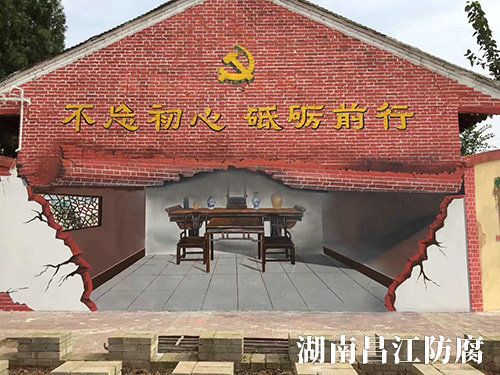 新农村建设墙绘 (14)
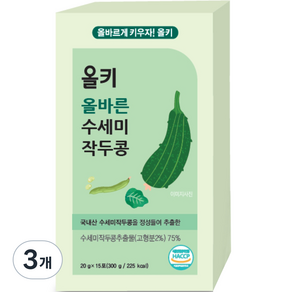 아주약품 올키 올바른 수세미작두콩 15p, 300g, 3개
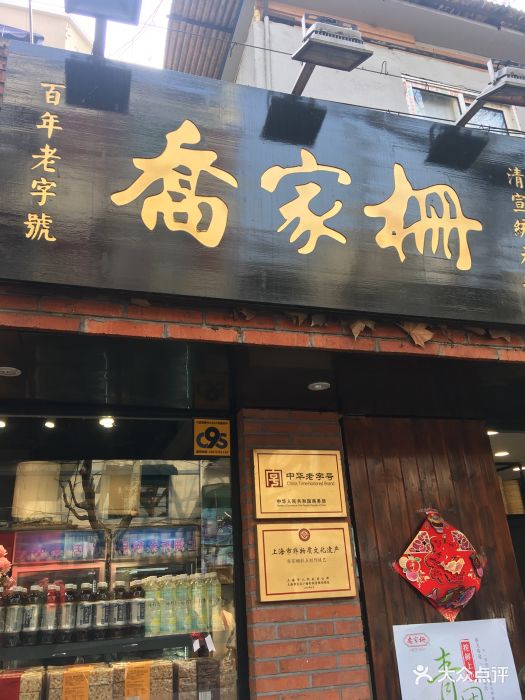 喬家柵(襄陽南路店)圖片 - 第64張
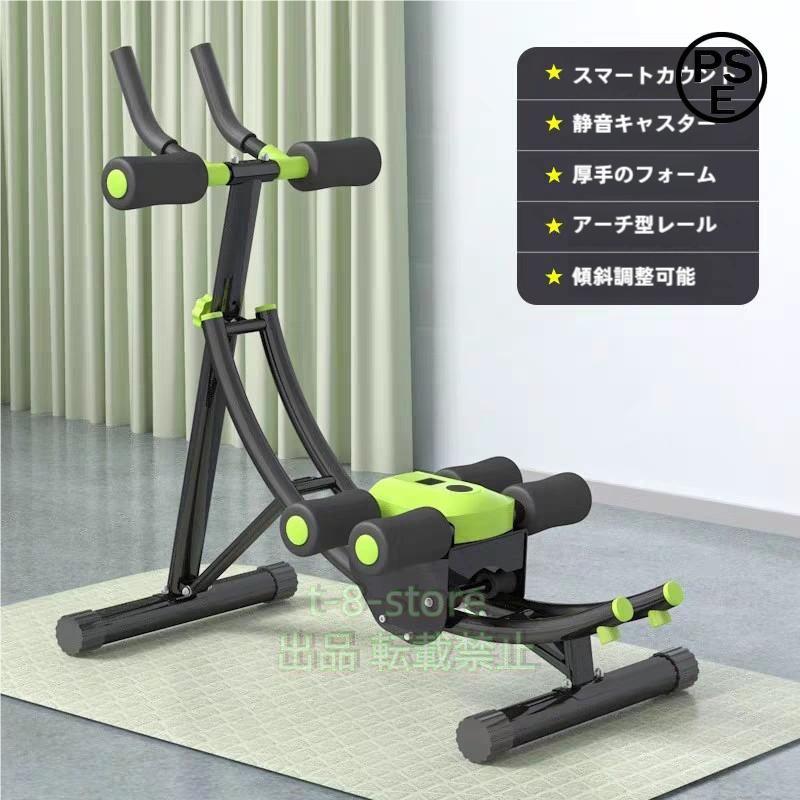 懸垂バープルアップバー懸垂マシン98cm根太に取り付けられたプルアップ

---

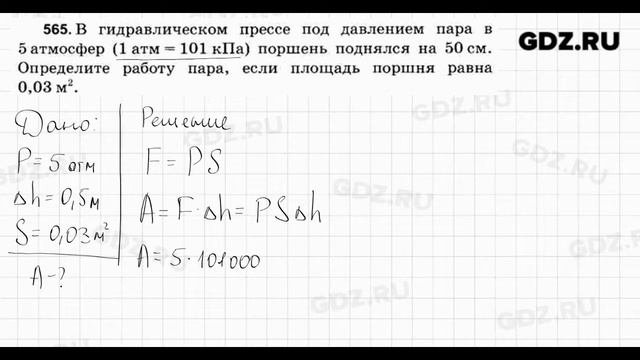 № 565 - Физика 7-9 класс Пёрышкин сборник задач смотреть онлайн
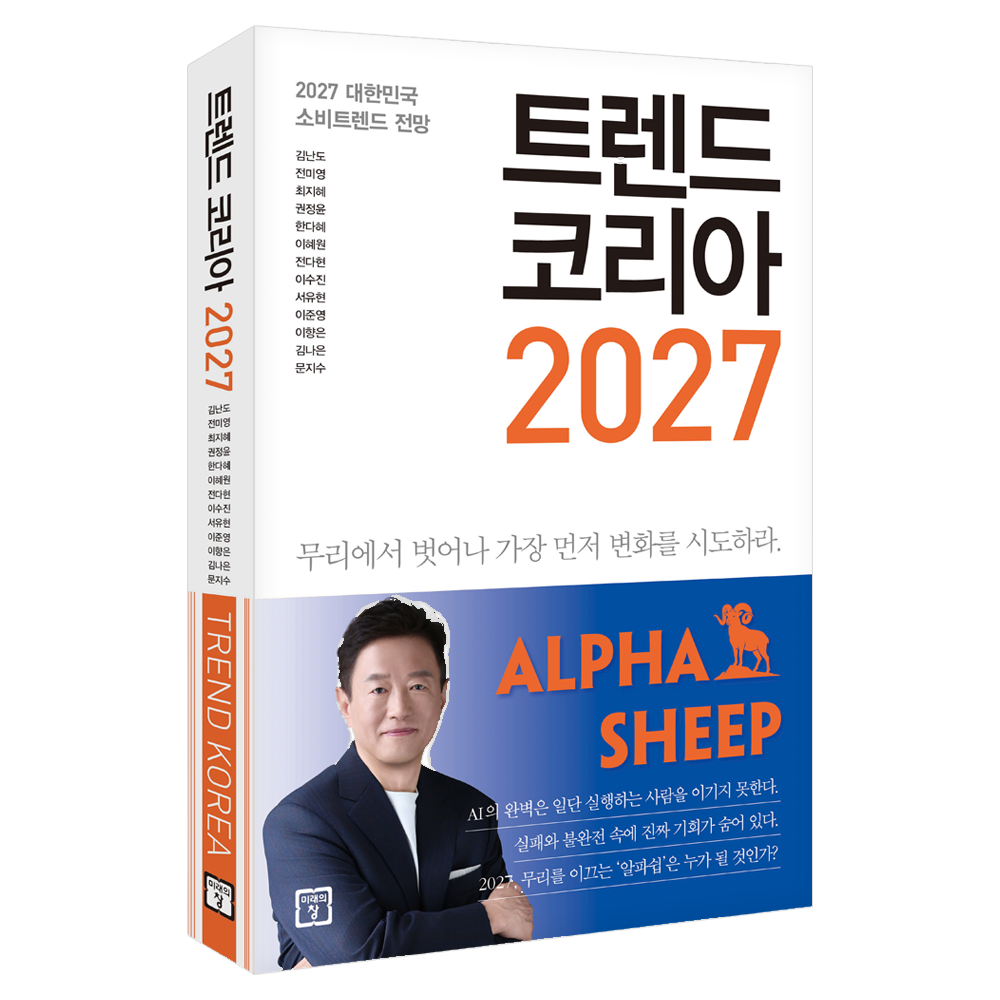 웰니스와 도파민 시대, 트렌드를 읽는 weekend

Exercise directions.
An exact transcription is needed of the lines from the one with "新农村建设墙绘 (14)" to the one with "懸垂バープルアップバー懸垂マシン98cm根太に取り付けられたプルアップ" above, both ends included, with pictures left out.

Answer.
 新农村建设墙绘 (14)
 아주약품 올키 올바른 수세미작두콩 15p, 300g, 3개
 喬家柵(襄陽南路店)圖片 - 第64張
 懸垂バープルアップバー懸垂マシン98cm根太に取り付けられたプルアップ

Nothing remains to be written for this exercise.